WORK TO COMPLETE » Please return the lines below verbatim, beginning at the one that has "Check the security" and stopping after the one that has "The equilibrium is", and add no other lines.

GIVEN RECORDS START

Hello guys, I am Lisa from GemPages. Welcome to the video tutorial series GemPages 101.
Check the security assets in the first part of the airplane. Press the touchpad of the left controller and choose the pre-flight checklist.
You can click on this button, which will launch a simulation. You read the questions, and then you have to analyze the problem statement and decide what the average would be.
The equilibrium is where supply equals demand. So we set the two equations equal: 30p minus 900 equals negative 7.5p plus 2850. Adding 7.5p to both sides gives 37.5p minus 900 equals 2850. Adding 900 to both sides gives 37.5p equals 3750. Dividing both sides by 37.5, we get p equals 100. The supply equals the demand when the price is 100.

GIVEN RECORDS END
GIVEN RECORDS START

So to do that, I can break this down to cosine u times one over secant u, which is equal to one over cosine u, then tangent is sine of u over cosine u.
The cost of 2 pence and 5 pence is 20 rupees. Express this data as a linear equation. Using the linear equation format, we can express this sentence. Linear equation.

GIVEN RECORDS END

PROBLEM SOLUTION »
Check the security assets in the first part of the airplane. Press the touchpad of the left controller and choose the pre-flight checklist.
You can click on this button, which will launch a simulation. You read the questions, and then you have to analyze the problem statement and decide what the average would be.
The equilibrium is where supply equals demand. So we set the two equations equal: 30p minus 900 equals negative 7.5p plus 2850. Adding 7.5p to both sides gives 37.5p minus 900 equals 2850. Adding 900 to both sides gives 37.5p equals 3750. Dividing both sides by 37.5, we get p equals 100. The supply equals the demand when the price is 100.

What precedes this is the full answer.